If it is an operation end instruction, the graph processing unit 11
From the model estimating unit 1 to request processing from the model estimating unit 1.
4 is a processing step 28, in which the difference between the old and new drawing data for the changed portion is obtained from the drawing data held in the graph processing unit 11.

In the processing step 29, the model estimating unit derives a difference function formula based on this difference data, and adds the difference function formula to the function formula of the model to obtain the estimation function formula of the new model. Displays the obtained functional formula as an estimation model.

In the above description, the three-dimensional solid graph being displayed on the screen is operated on one plane. However, it is a matter of course that a plurality of cutting planes may be used in the present invention, and a plurality of planes are instructed to be cut. At this time, a plurality of cross-sectional graph display windows are displayed, and all window operation corrections are reflected in the model correction.

If necessary, the user requests the display of a three-dimensional solid graph by replacing the displayed function model of the estimated model with the function function of the original model. Check the sex.

[0031]

As is apparent from the above description, according to the present invention, when a valid model is created while evaluating a three-dimensional solid graph displayed on the device, the displayed graph does not have the expected shape. In addition, since the user does not need to create and re-enter the modified model as in the conventional method, and the model can be more accurately modified,
There is a remarkable industrial effect that the operation for creating the model can be carried out extremely easily and quickly.
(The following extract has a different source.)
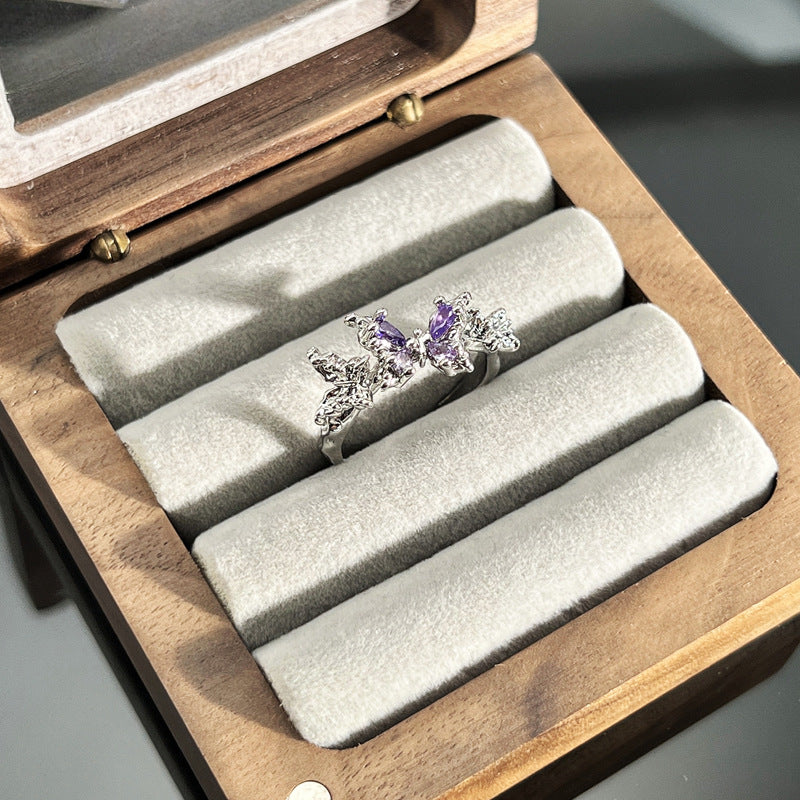 Sweet Cool Purple Zircon Exquisite Butterfly Gang Drill Rings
[Brief description of drawings]

FIG. 1 is a block diagram showing a configuration of the present invention.

FIG. 2 is a flow chart of processing of the present invention.

FIG. 3 is a diagram illustrating a screen such as model input.

FIG. 4 is a diagram (part 1) explaining a graph display screen.

FIG. 5 is a diagram (part 2) explaining a graph display screen.

FIG. 6 is a block diagram showing a conventional configuration example.

[Explanation of symbols]

 1, 11: Graph processing unit 2, 12: Input unit 3, 13: Display unit 14: Model estimation unit 20 to 30: Processing steps

─────────────────────────────────────────────────── ─── Continuation of the front page (51) Int.Cl. ⁶ Identification code Internal reference number FI technical display location 8125-5L G06F 15/62 350 K

Claims (1)

[Claims] 1. A graph processing unit (11) comprises an input unit (12).
A model estimating unit (14) is provided in a device that displays drawing data representing the model as a three-dimensional solid graph on a display unit (13) according to the model input from the model processing unit (11). When there is an input for instructing to change the figure displayed on the section (13) on the figure, updated drawing data is generated to change the display of the figure according to the change instruction, and the model estimation is performed. The unit (14) is configured to estimate a model corresponding to the updated figure by a predetermined change process based on a difference between the updated drawing data and the corresponding original drawing data. Model estimation processing device.